A courtroom feels hostile to anyone who appears without counsel. Complicated forms, hard deadlines, and technical wording knock cases off track long before a judge weighs the facts. Limited English, disability, or little schooling magnify every hurdle. In civil disputes over housing, debt, family matters, or public benefits, those who stand alone appear to lose far more often than those who have counsel.
The trouble is bigger than any one person's setback - it is baked into the structure. Courts assume lawyers will appear on each side. When a lone tenant meets a landlord's attorney or when a parent faces the government's lawyer, the mismatch is obvious. Judicial neutrality, vital though it is, can widen the gap by preventing judges from offering meaningful guidance to those who need it most.
The consequences are severe. A single missed step on a form or a missed deadline may cost someone a home, a child, benefits, or every dollar they have. Those losses widen the gap between rich and poor and leave people convinced the courts are rigged. Going to court without a lawyer is not a brave act of self-help; it is the hard proof that legal help costs too much and free help is too scarce.
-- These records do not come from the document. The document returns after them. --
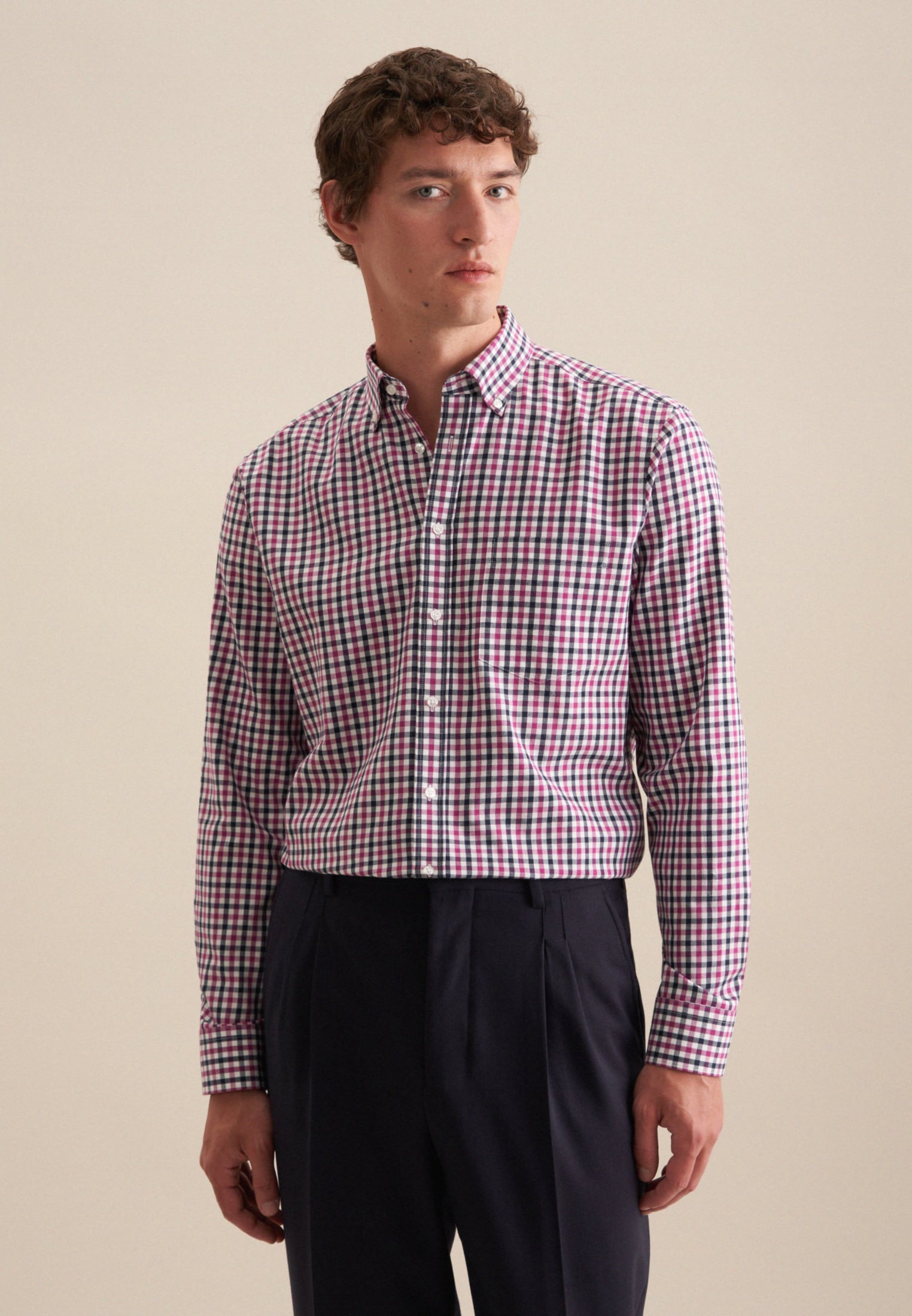 Flanellhemd »Comfort«, Comfort Langarm Button-Down-Kragen Karo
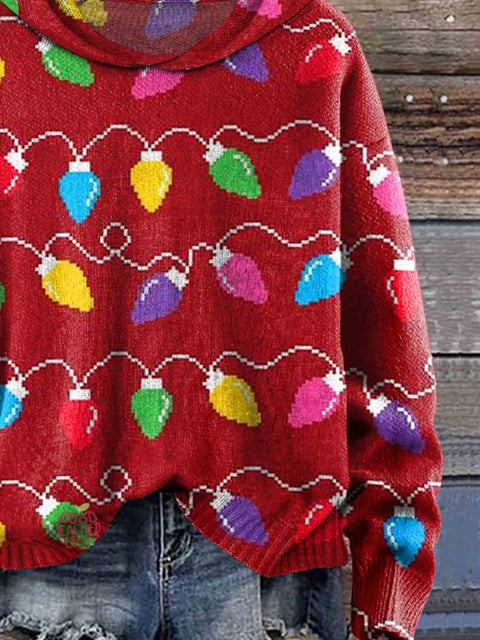 Christmas Lights Print Casual Knitted Hoodie Sweater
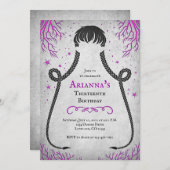 Gothic Meisje Vlechten Verjaardag Uitnodiging (Voorkant / Achterkant)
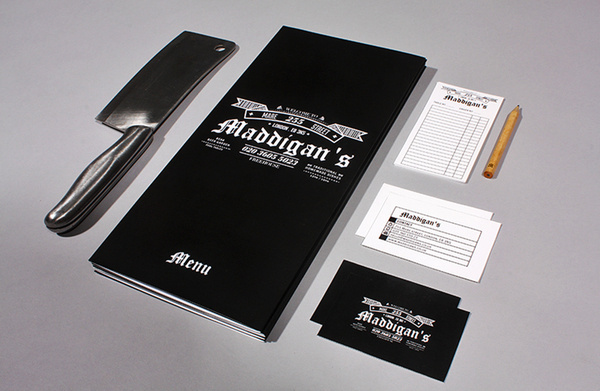 Maddigans Freehouse Identity #business #card #print #design #graphic #menu #restaurant #identity #bar #layout #pub #typography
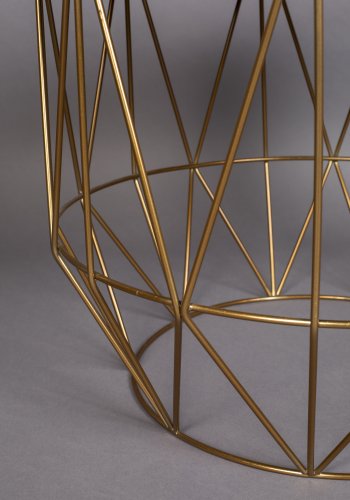 DUTCHBONE Boss sidebord, rund - grn marmor og guld jern (51)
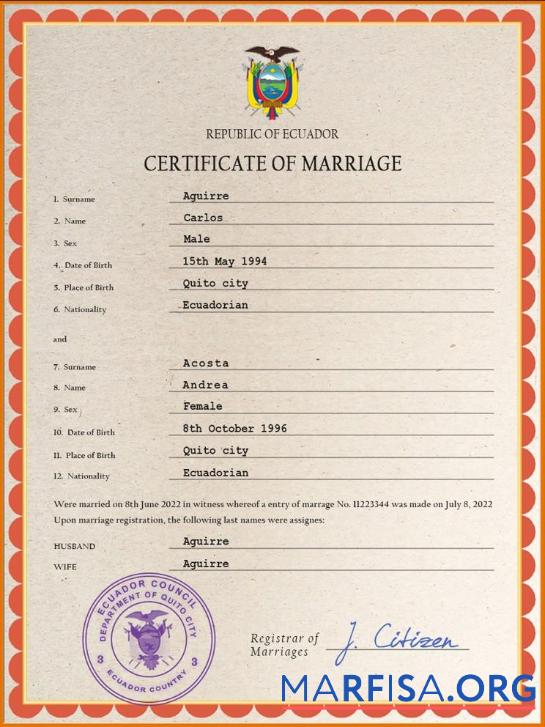 Downloadable Ecuador marriage certificate PSD template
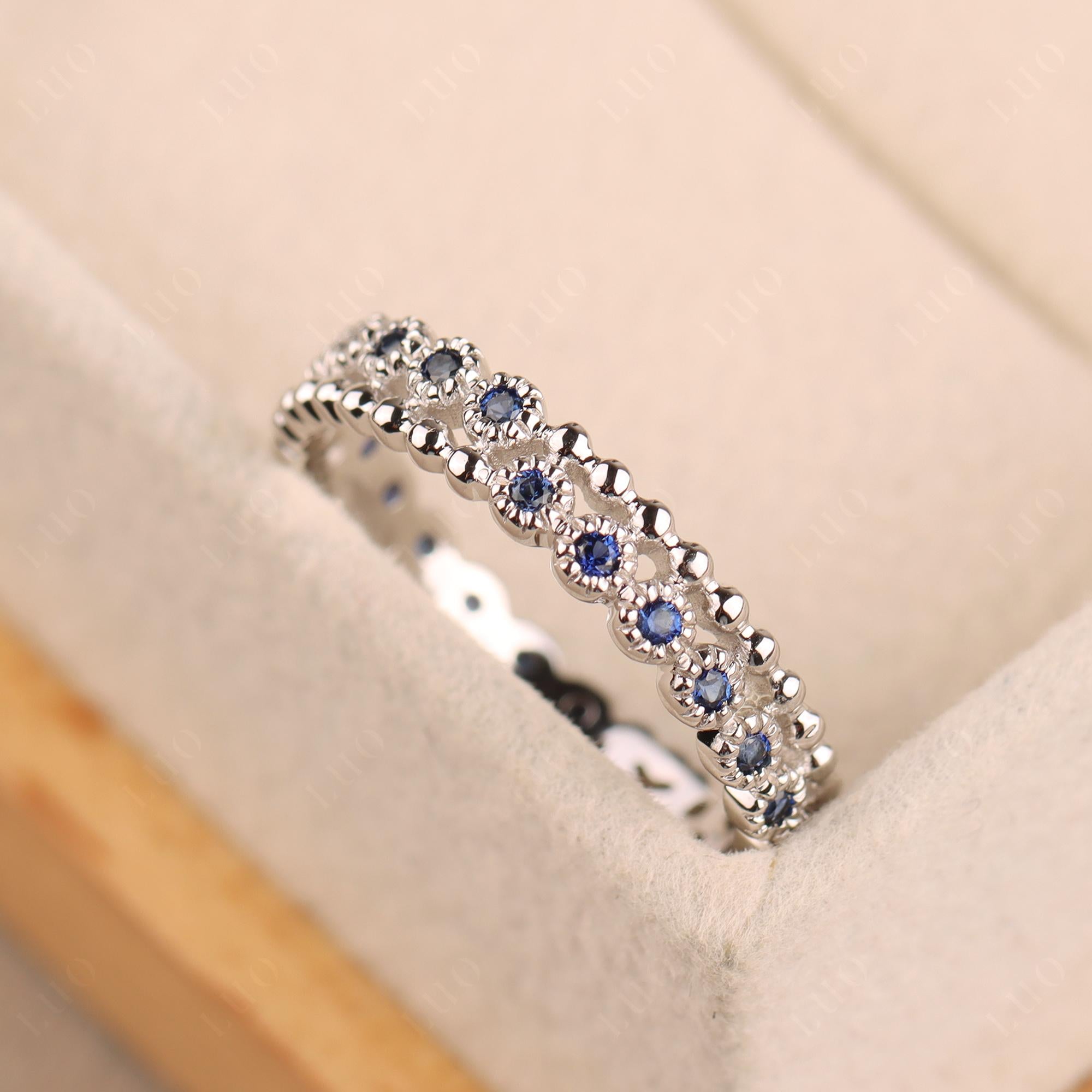 Vintage Inspired Sapphire Eternity Ring - LUO Jewelry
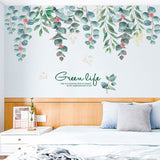 Loskii,FX82118,Green,Green,Vines,Leaves,Sticker,Bedroom,Living,Background,Decoration,Mural,Decal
Fixing this problem means rebuilding the system, not telling people to swim alone in deep water. Courts that guide visitors step by step, rules written in everyday words, more free lawyers, plus a guaranteed lawyer in eviction cases have all shown that fairness and speed can live together.
Justice is not real if the only test is whether the courthouse door is open. The real test is whether a person can walk in, speak, and be understood. Until the courts admit that people cannot carry the whole load alone, the promise of equal justice will stay empty for those who need it most.